Assessing Your Pin-able Assets

This is where many business owners start to freak out. Don’t! It’s easy to think that if you’re not in the business of pretty or quirky pictures that Pinterest can’t work for your brand. But it absolutely can! Every site has visual assets that they can take advantage of. Sometimes you just have to think outside the box. For you, pinable content may come in the form of:

  • Infographics or other data visualizations
  • Video stills that link off to media where you appear
  • Covers of books or eBooks you’ve written
  • Eye-catching visuals for blog posts
  • Images of customers using your products
  • Images of how your product could be used

Take a look through your site to identify assets you already own. Once you do that, think forward to brainstorm new ways to incorporate visuals into your Web site. For example, you’ll want to make sure that you’re using images in every blog post or newsletter article you’re creating so that you (and your readers) will have something to pin. Maybe you’ll want to build more data visualization into your content strategy or focus on creating things that lend themselves to visuals. Build the assets you’ll need later.

Get Your Team Involved

One of the fun features Pinterest offers is that you can add contributors to any of your boards to help keep them updated and engaging. As a small business owner there are a lot of neat ways to take advantage of this. You can:

  • Add employees as contributors to boards about company culture
  • Add frequent blog commenters/community members to boards related to content/ industry finds
  • Add your executive team as contributors to charitable pursuits.

The more people you get involved, the more life you’ll add to your Pinterest account and the more others will want to follow what you’re doing.
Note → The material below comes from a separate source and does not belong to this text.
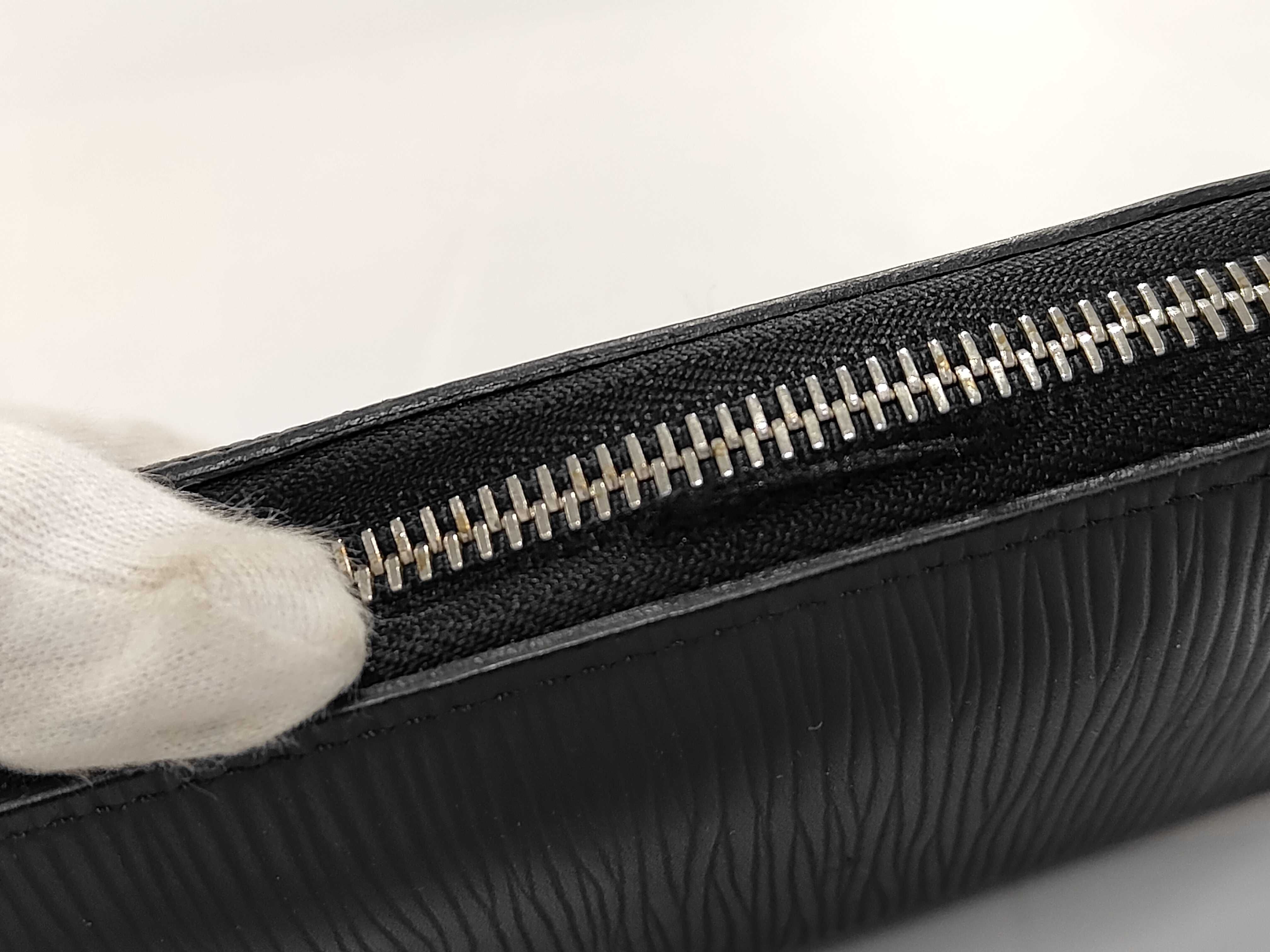 Epi Zippy Wallet Vertical Noir CA1119 Wallet — view 7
To add board contributors, go to the board you want to add a contributor to and click Edit. On the board’s settings menu, select “Me + Contributors.” You must follow at least one board belonging to a user in order to add him/her as a contributor. Once you’re there, start typing his/her username into the text field. Once potential matches begin to load, click Add when you see the person you want to add as a contributor. Then save your settings.

Build Followers

The best way to build new followers is to become an engaged Pinterest user. That means following other users, pinning content, repining content others share, etc. Each time you follow someone or engage with their update on Pinterest, by default, they’ll receive a notification email letting them know. This is a good way to build up your followers because, if you have good content, they’ll check you out once they see the email and follow you back. It’s also a good way to show others that you’re interested in the community and what other people are sharing.
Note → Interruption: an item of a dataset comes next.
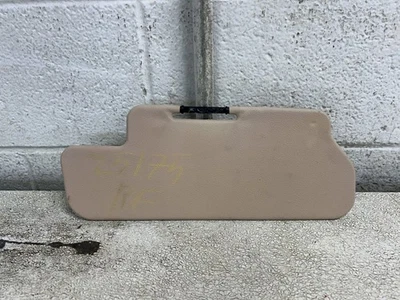 Lexus LX570 2015 pasajero lado derecho beige vinilo parasol con espejo retrovisor iluminado  Foto 1 de 3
If you’re looking for potential people to follow OR simply looking to understand what type of content you should be following, try going tohttp://pinterest.com/source/yoursitehere. This will show you what content on your domain has already been pinned and whose pinning it. You can also do the same for competitor URLs to see who is pinning and sharing their content.

Promoting Your Account

Once your account is set up, you want to do your due diligence and promote it so that your audience knows it exists. This may include adding a Pin It! buttonto your blog posts so content can be easily shared, syncing your Pinterest account to Twitter and Facebook, encouraging people to subscribe to your Pinterest RSS feed, mentioning your account in company promotions/emails, etc. The more ways you can make Pintest part of your marketing efforts, the bigger the account will grow and the easier it will be to make content spread.

The above tips are designed to help any small business get involved with Pinterest. How are you using the site to market your business? Any lessons you want to share?